Il sorpasso sui competitor europei e il nuovo volto del turismo
Sorpassate Francia e Spagna
Con un livello di saturazione del 40% toccato durante la scorsa estate, l’Italia ha superato nettamente la Spagna, ferma al 38,5%, e la Francia. Anche la Grecia, pur essendo una meta estiva d’eccellenza, si è posizionata più in basso con un indice di occupazione pari al 36,8%.
Un aspetto fondamentale di questa trasformazione riguarda la mutata composizione dei viaggiatori che scelgono le nostre città d’arte e le nostre coste. Gli stranieri rappresentano ormai oltre il 55% della domanda totale, compensando ampiamente il rallentamento del turismo domestico rilevato negli ultimi trimestri dell’anno. Mentre i turisti italiani hanno mostrato una leggera flessione, gli arrivi dall’estero sono cresciuti costantemente portando benefici economici tangibili a tutto l’indotto nazionale. Questa dinamica strutturale sta cambiando il volto di molte città che ora puntano decisamente su un target internazionale più alto-spendente.
L’impatto economico e le prospettive future
I visitatori stranieri tendono infatti a restare più a lungo con una permanenza media che è salita a 3,6 notti per ogni singolo soggiorno. Questo cambiamento ha generato una spesa complessiva stimata in oltre 60 miliardi di euro, segnale chiaro di un progressivo superamento del modello mordi e fuggi. Ogni viaggiatore spende mediamente 930 euro, preferendo investire in esperienze di qualità piuttosto che in visite veloci e superficiali ai centri storici.

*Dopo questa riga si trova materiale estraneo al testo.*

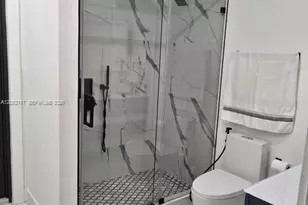 291 NW 93rd Ave, Pembroke Pines, FL 33024 - Photo 10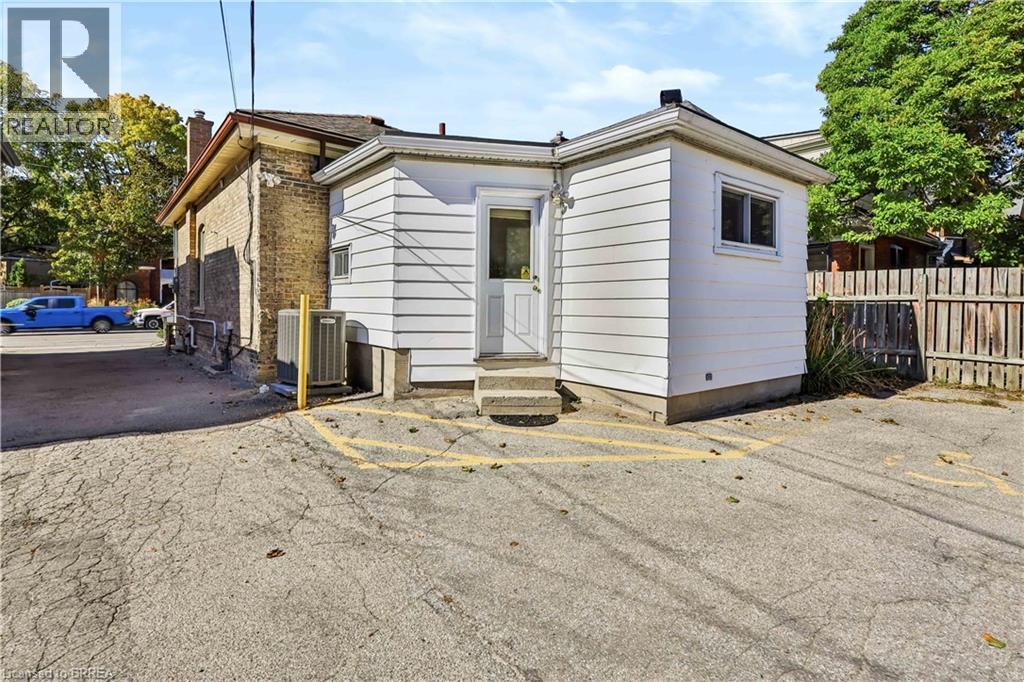 241 Brant Avenue Property Photo 28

Le rotte aeree confermano il ruolo centrale di mercati strategici come il Regno Unito, gli Stati Uniti e la Germania per l’economia del comparto. I turisti extra-europei sono quelli che incrementano maggiormente i propri budget di spesa, con una crescita del 6,8% che doppia quasi quella dei vicini continentali. Gli aeroporti di Fiumicino, Malpensa e Capodichino hanno gestito flussi imponenti, accogliendo milioni di passeggeri internazionali soprattutto durante la stagione estiva. Le previsioni per il 2026 restano ottimistiche, specialmente grazie al previsto ritorno in massa dei viaggiatori provenienti dal continente asiatico.